When the company for which I worked around 2005 executed a complete transformation from what is referred to as “Waterfall” to “Agile” software delivery, I experienced my own transformation. As part of the organization’s transformation, they began “Brown Bag User Story Refinement” — a day of the week during the lunch hour when a Product Owner would present their current backlog for review by anyone who wanted to attend. I had a lot to learn, so participated faithfully. I felt a bit uncomfortable for the Product Owners presenting, but quickly picked up on the value of committing to specific constraints in the development of User Stories. Estimation of effort was a breeze for well-written user stories; while others were far more challenging to estimate. Then began an experience which was common on every team of which I was a member (I suspect your experience has been similar).
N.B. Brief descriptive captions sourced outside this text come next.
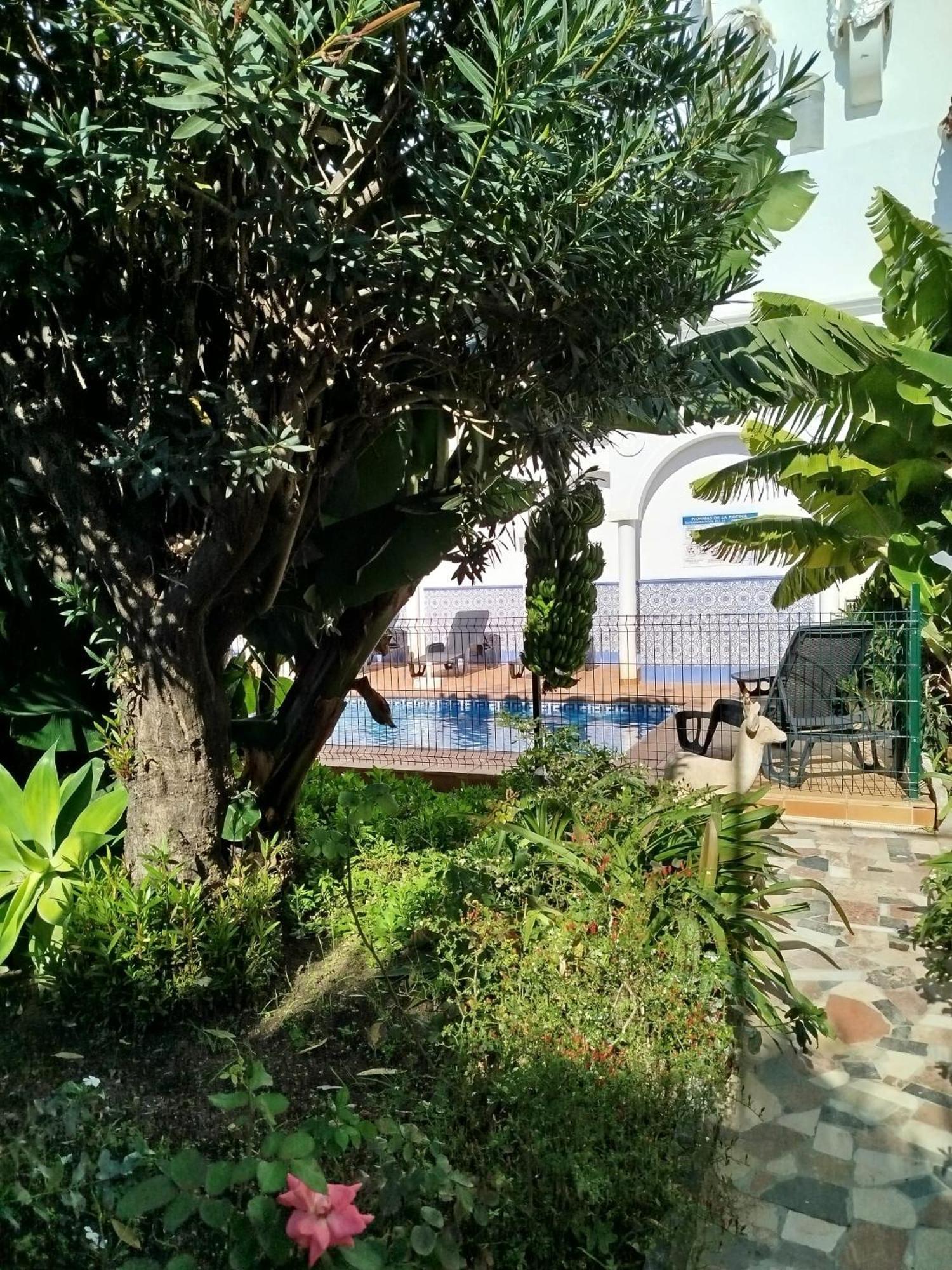El Jardin Benerja *
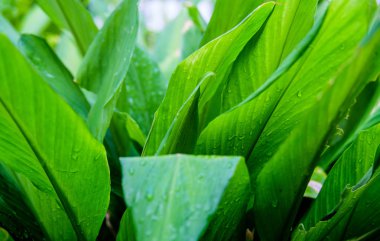 Parlak yeşil yaprak yağmur sonra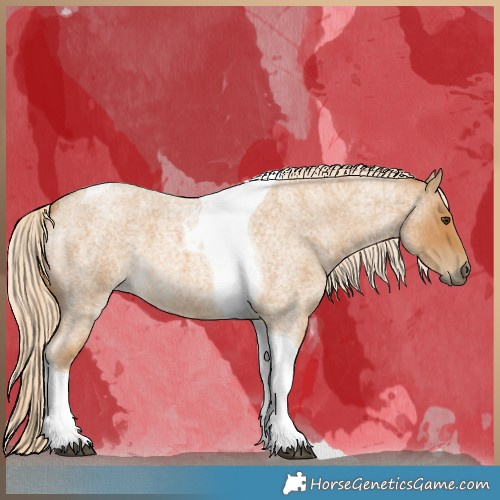 Horse Color:Palomino Roan Tobiano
Retrospective day comes, and as part of review of the past iteration the state of the committed user stories is discussed. There is usually at least one user story (often more) which failed to be delivered by the end of the iteration. In order to identify opportunities for improvement, the team is asked what they believe to be the root cause. In nearly every case, someone on the team notes the “size” of the user story — either the effort required was greater than the team realized, or omissions and ambiguities were discovered which delayed their effort. The Product Owner accepts the criticism and, I assumed, endeavored to improve — but this rarely resulted in significant change. Then, it happened…
I was hired at a startup company to help implement automation (in particular, all things “testing”) and manage manual testing efforts. While in that role, I often identified unnecessary process-based impediments and offered simple solutions to address them. During one retrospective in particular, questions concerning a particular user story were raised, and someone spoke the words I already anticipated: “The user story was too big.” At that, the Product Owner did something which launched me into a journey to discover an effective solution to this issue: they pushed their laptop back, grabbed their pen, flipped to a blank sheet in their yellow pad and asked, “What could I have done to ensure this user story was the right size?”
That question took me off-guard, as it did every engineer in the room. We just stared at that table and each other, speechless. Nobody had ever asked that of the engineers before. Shouldn’t he be asking an experienced Product Owner? Then again, who better to inform the Product Owner in this regard than those who needed the quality of the user story to be improved? He had us! We didn’t really have an answer for that question.
This exposed our the-story-was-too-big response for what it really was — an excuse. This embarrassed me, and led me to ensure that next time I would have a concrete answer to that question. On further reflection, I also realized we engineers were committing to work described, without first applying some ‘Definition of Ready’ to ensure the user story described could reasonably be completed within an iteration. With a well-defined ‘Definition of Ready’, we would have been empowered and enabled to say, “We’re sorry, but it is infeasible for us to deliver the described work within one iteration, so it will need to stay in the backlog until we can feasibly commit to it.” It was our own fault the work failed to be delivered, not that of the Product Owner.
I now coach teams to do the following, which results in significant improvement:
– Collaboratively develop a ‘Definition of a User Story Ready for Commitment’, and follow through. During planning, ensure each user story meets that definition before committing, and ensure the definition is clear enough for a Product Owner to know what needs to be done to meet that definition. One of the most important requirements is (in my experience) for every user story to include a description of “who cares” the change gets implemented (As a [role] ); what the change is (I want [feature] ); and the value to the person who cares (So [anticipated value] ).
– Regardless of how your team estimates effort, agree on the maximum size of any user story you will consider committing to for an iteration, and follow through. Determine to firmly refuse/resist committing to any user story, regardless the urgency, for which the team has estimated the effort to be greater than that size.
This was just the beginning of my journey on this topic. Since then, I have developed an approach to User Story Refinement by which a team has nearly everything they could possibly need in order to deliver the requested work using the most pursued Agile principles, practices and patterns.
Reconciliation to this approach requires an engineer to first, take personal (or team) responsibility for committing to user stories proven to be “too big”; second, define well for Product Owners their expectation of the user story descriptions before they are considered for commitment; third, be determined in resisting/refusing committal to any user story with estimated effort beyond the maximum. The amazing consequences of such a reconciliation are priceless. Pay the price now; enjoy the payoff throughout the remainder of your career.